Undergraduate Courses | Summer 2025
Undergraduate Courses | Summer 2025
358:338 Horror and Hilarity: Dark Pleasure in 19th c. British and American Gothic Literature
- Course Code: 01:358:338
E1 05/27-07/03 08620 ONLINE ASYNCHRONOUS ROSENTHAL
Horror and Hilarity: Dark Pleasure in 19th c. British and American Gothic Literature
This course will explore an array of 19th c. British and American texts that can be classified as gothic: stories of monsters, violence, insanity, dread, and the supernatural. The texts in this course will primarily be composed of novellas, short-stories, plays, and a smattering of poetry. We will read iconic and lesser-known works to better understand how the genre changed over the course of the 19th c. in response to issues of empire, gender, race, and disability, all of which helped to shape the transatlantic literary imagination. In doing so, we will trace the affects of horror and hilarity and explore how these seemingly antithetical readerly responses are more compatible than one might expect.
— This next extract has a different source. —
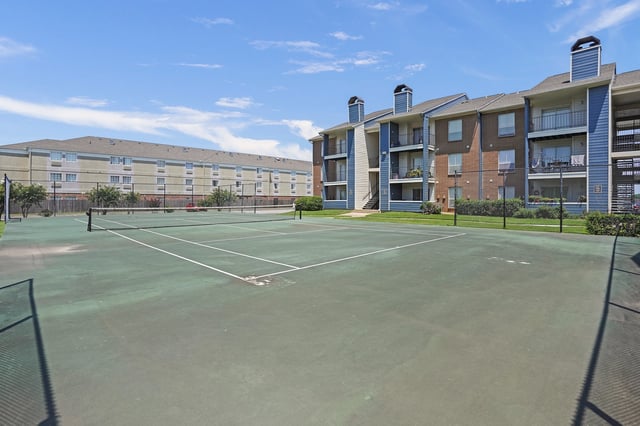 Tennis court with apartment buildings in the background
Works by the following authors may appear in this course’s syllabus: Monk Lewis, Richard Brinsley Peake, Charles Dickens, George Eliot, Oscar Wilde, Henry James, Edgar Allan Poe, Nathaniel Hawthorne, Rudyard Kipling, Alfred Tennyson, and Sir Arthur Conan Doyle.
The major assignments of the course will be a short paper, a long paper, and a final exam.
358:328 Scandals on Stage: Gossip, Reputation, and the Rise of the Actress
- Course Code: 01:358:328
E1 05/27-07/03 08619 ONLINE ASYNCHRONOUS HAAS
Scandals on Stage: Gossip, Reputation, and the Rise of the Actress
How might centuries-old gossip enrich our understanding of Restoration and early-eighteenth century theatre and drama? How did the introduction of the first generation of actresses ignite and transform the British stage and the lives of the theatre-going public? How did early actresses create, cultivate, and even weaponize their notoriety, and to what extent did said notoriety influence larger debates about womanhood, reputation, and celebrity? We will consider these and other related questions in this summer course, during which students will encounter and analyze a small collection of Restoration and early-18th century plays. Alongside these rich, raunchy, and oftentimes downright outrageous comedies, students will also investigate a number of secondary materials including periodicals like gossip “rags” and other salacious pamphlets and broadsides, personal diaries and familiar letters, works of art, popular songs, and more.